GitHub Repo Name: Adversarial-Prompt-Discovery Authors: Jakob Garcia (Jgarcia713) Luis Cruz (cruzhernandez778) Soren Abrams (siabrams)
Purpose: The goal of this project is to develop and refine techniques for generating arbitrary and novel strings with the GPT-2 LLM. This has implications for the security of LLMs, including with regards to prompt injections.

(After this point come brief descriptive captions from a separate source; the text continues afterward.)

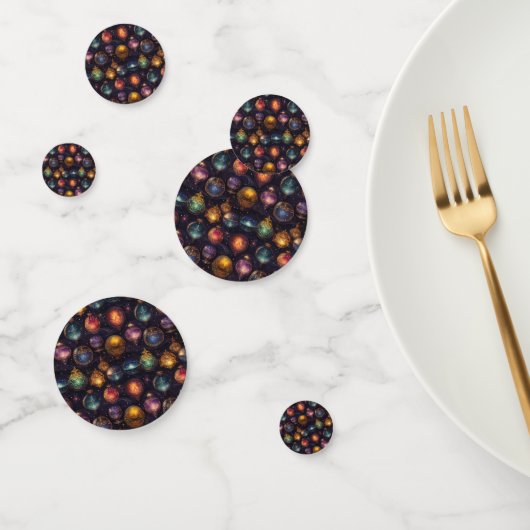 Kerstballen tafel Confetti (Groep)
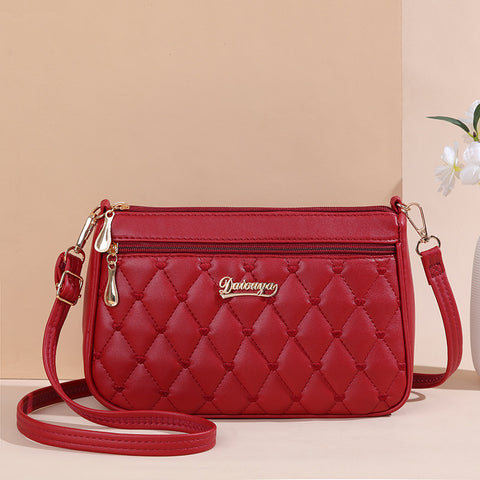 Quilted PU Leather Crossbody Shoulder Bag Handbag Adjustable Strap Red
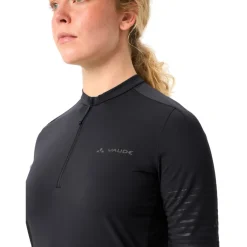 Vaude Qimsa Pro Half-Zip Shirt met Korte Mouwen Dames - zwart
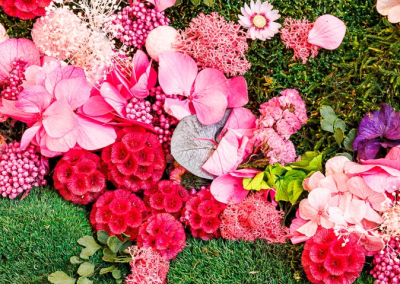 roze bloemen uit mosartcirkel van anja westerduin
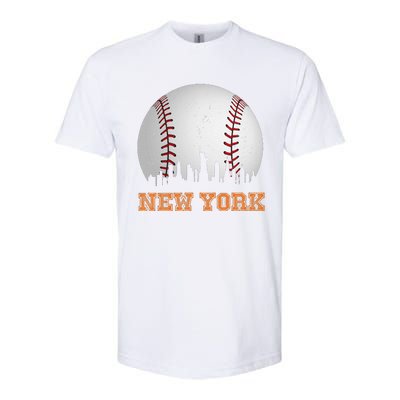 Vintage New York Skyline City Baseball Softstyle CVC T-Shirt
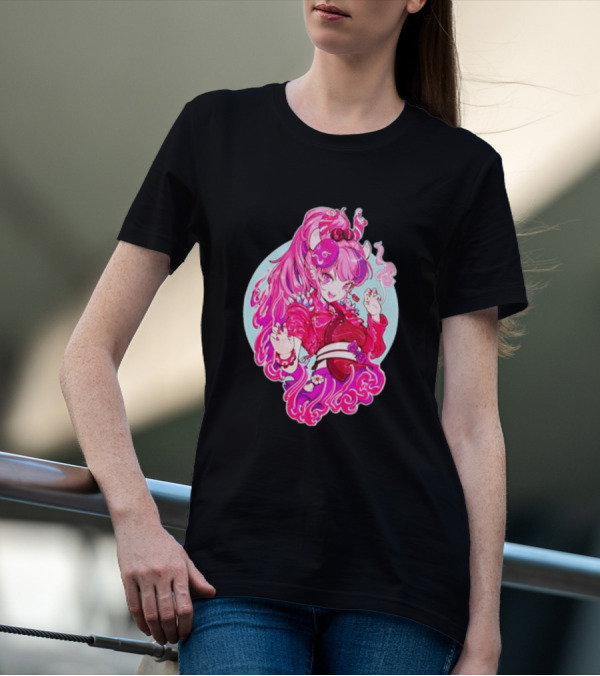 Invasion Club Ironmouse Pink Anime Character Art Collaboration T-Shirt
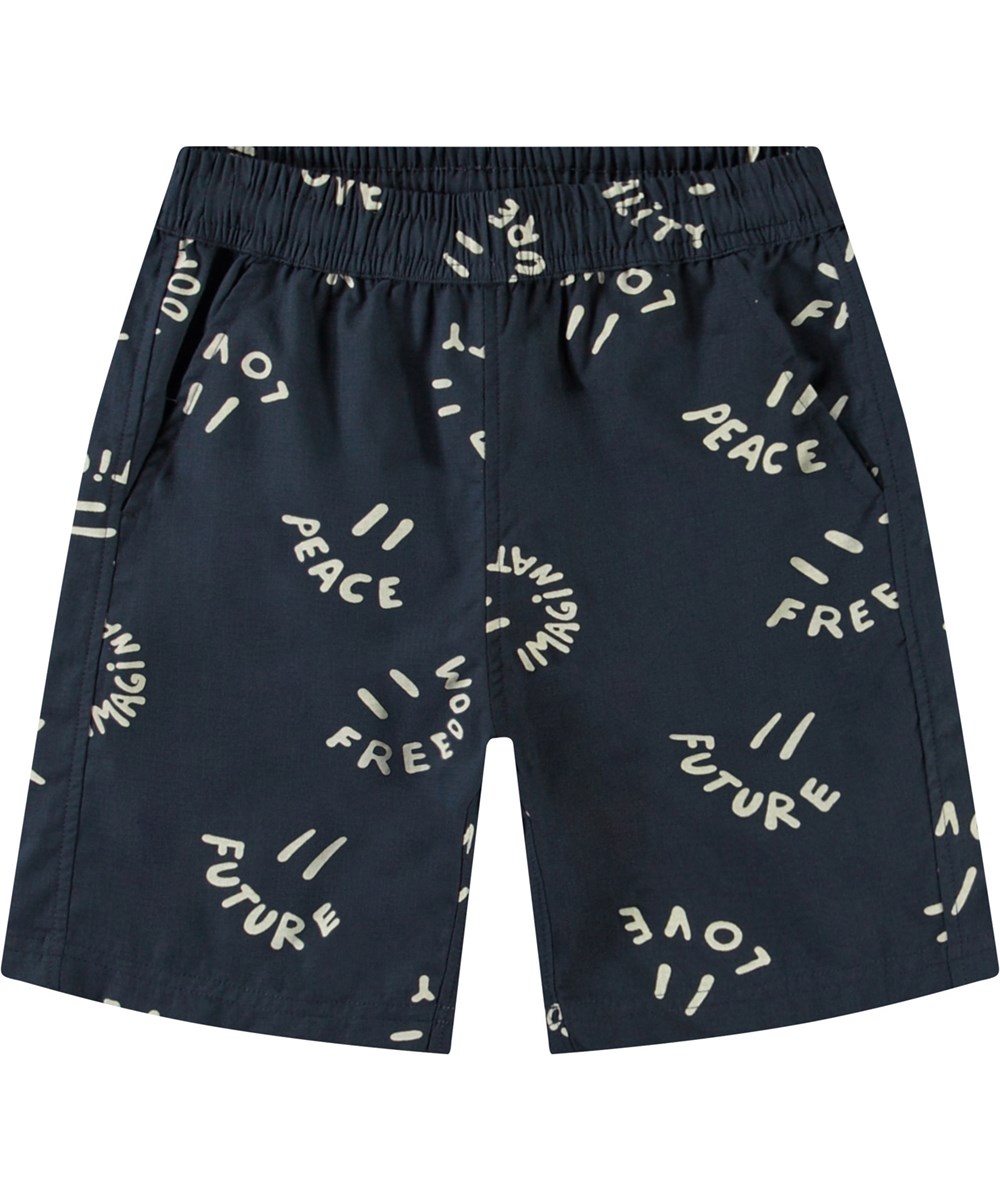 Avart - Smile Words - Knee-length shorts in organic cotton for children. These shorts are blue with smiling faces.
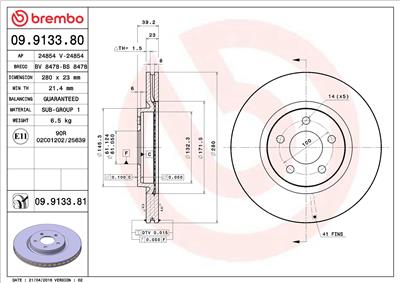 BREMBO 09.9133.81 EAN: 8020584216194.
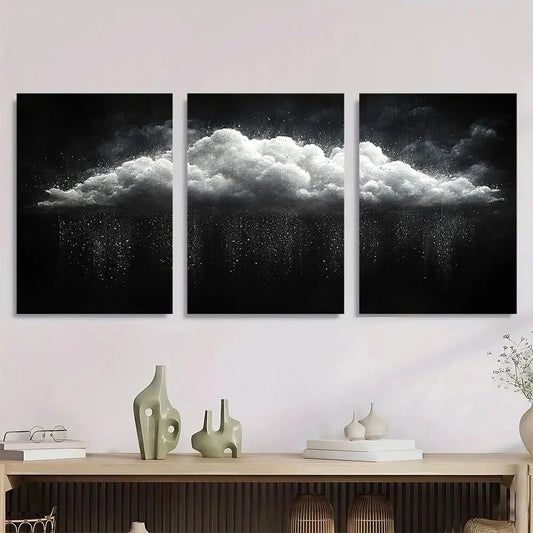 3pcs Modern Black and White Cloud Serene Rainy Metal Print Ready to Hang Art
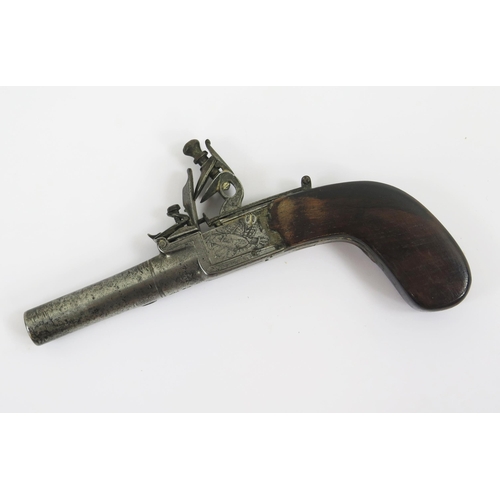 1823 - Blanch, London, An early 19th century flintlock pocket postol, with 6cm turn-off barrel, with pull d... 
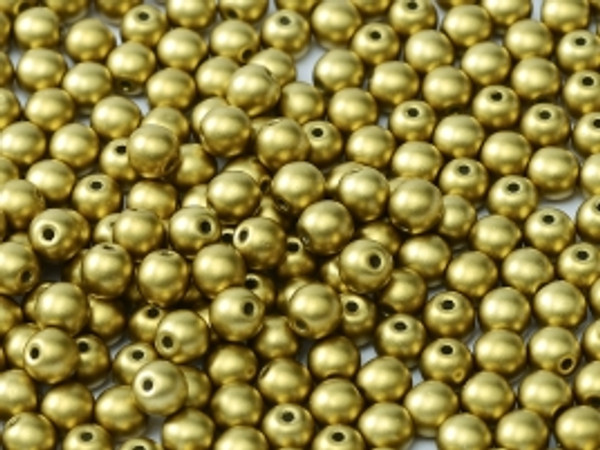 4mm Round Glass Beads, Metallic Olivine (Qty: 50)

The project consists of four parts: 1. Core Implementation - This section includes functions necessary for the functionality of the later sections, including a test harness. 2. Manual Prompting and Technique Evaluation - This section explores a number of manual prompting techniques and analysis of their efficacy. 3. Automated Prompt Search - This section attempts to use a gradient descent model to generate prompts via machine learning. 4. Error Analysis - This section analyzes how effective the automated prompt search was at creating useful prompts.
How to Run:
This project requires a Python 3 environment. In order to run this project, three files must be downloaded from the GitHub Repo:
1. prompt.py
2. prompt.ipynb
3. requirements.txt
After downloading these files, the dependencies need to be installed. This can be done with:
pip install -r requirements.txt
Additionally, in order to run prompt.ipynb, Jupyter Notebook must be used. This can be installed via the Anaconda Navigator.